Look for the line containing "Nahaufnahme der alten" in the records below. Then output it and all the lines that follow, exactly and without any others.

Short text fragments from websites:
•••••

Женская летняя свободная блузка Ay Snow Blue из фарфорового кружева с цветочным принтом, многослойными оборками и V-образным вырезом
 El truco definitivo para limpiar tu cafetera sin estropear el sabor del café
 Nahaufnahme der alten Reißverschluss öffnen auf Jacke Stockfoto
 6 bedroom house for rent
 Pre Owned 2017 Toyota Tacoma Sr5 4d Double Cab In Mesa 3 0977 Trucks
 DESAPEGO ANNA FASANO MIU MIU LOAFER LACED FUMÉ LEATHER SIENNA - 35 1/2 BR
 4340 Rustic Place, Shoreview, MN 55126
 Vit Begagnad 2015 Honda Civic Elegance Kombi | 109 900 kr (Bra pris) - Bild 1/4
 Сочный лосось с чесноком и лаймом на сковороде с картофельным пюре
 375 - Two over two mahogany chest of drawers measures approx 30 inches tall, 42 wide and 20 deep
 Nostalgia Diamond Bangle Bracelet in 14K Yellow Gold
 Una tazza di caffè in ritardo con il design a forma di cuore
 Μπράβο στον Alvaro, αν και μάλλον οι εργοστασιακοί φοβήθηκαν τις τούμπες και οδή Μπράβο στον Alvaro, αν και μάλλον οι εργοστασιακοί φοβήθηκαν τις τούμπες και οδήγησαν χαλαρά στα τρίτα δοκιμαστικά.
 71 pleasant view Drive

•••••

» **Exercise response**:
 Nahaufnahme der alten Reißverschluss öffnen auf Jacke Stockfoto
 6 bedroom house for rent
 Pre Owned 2017 Toyota Tacoma Sr5 4d Double Cab In Mesa 3 0977 Trucks
 DESAPEGO ANNA FASANO MIU MIU LOAFER LACED FUMÉ LEATHER SIENNA - 35 1/2 BR
 4340 Rustic Place, Shoreview, MN 55126
 Vit Begagnad 2015 Honda Civic Elegance Kombi | 109 900 kr (Bra pris) - Bild 1/4
 Сочный лосось с чесноком и лаймом на сковороде с картофельным пюре
 375 - Two over two mahogany chest of drawers measures approx 30 inches tall, 42 wide and 20 deep
 Nostalgia Diamond Bangle Bracelet in 14K Yellow Gold
 Una tazza di caffè in ritardo con il design a forma di cuore
 Μπράβο στον Alvaro, αν και μάλλον οι εργοστασιακοί φοβήθηκαν τις τούμπες και οδή Μπράβο στον Alvaro, αν και μάλλον οι εργοστασιακοί φοβήθηκαν τις τούμπες και οδήγησαν χαλαρά στα τρίτα δοκιμαστικά.
 71 pleasant view Drive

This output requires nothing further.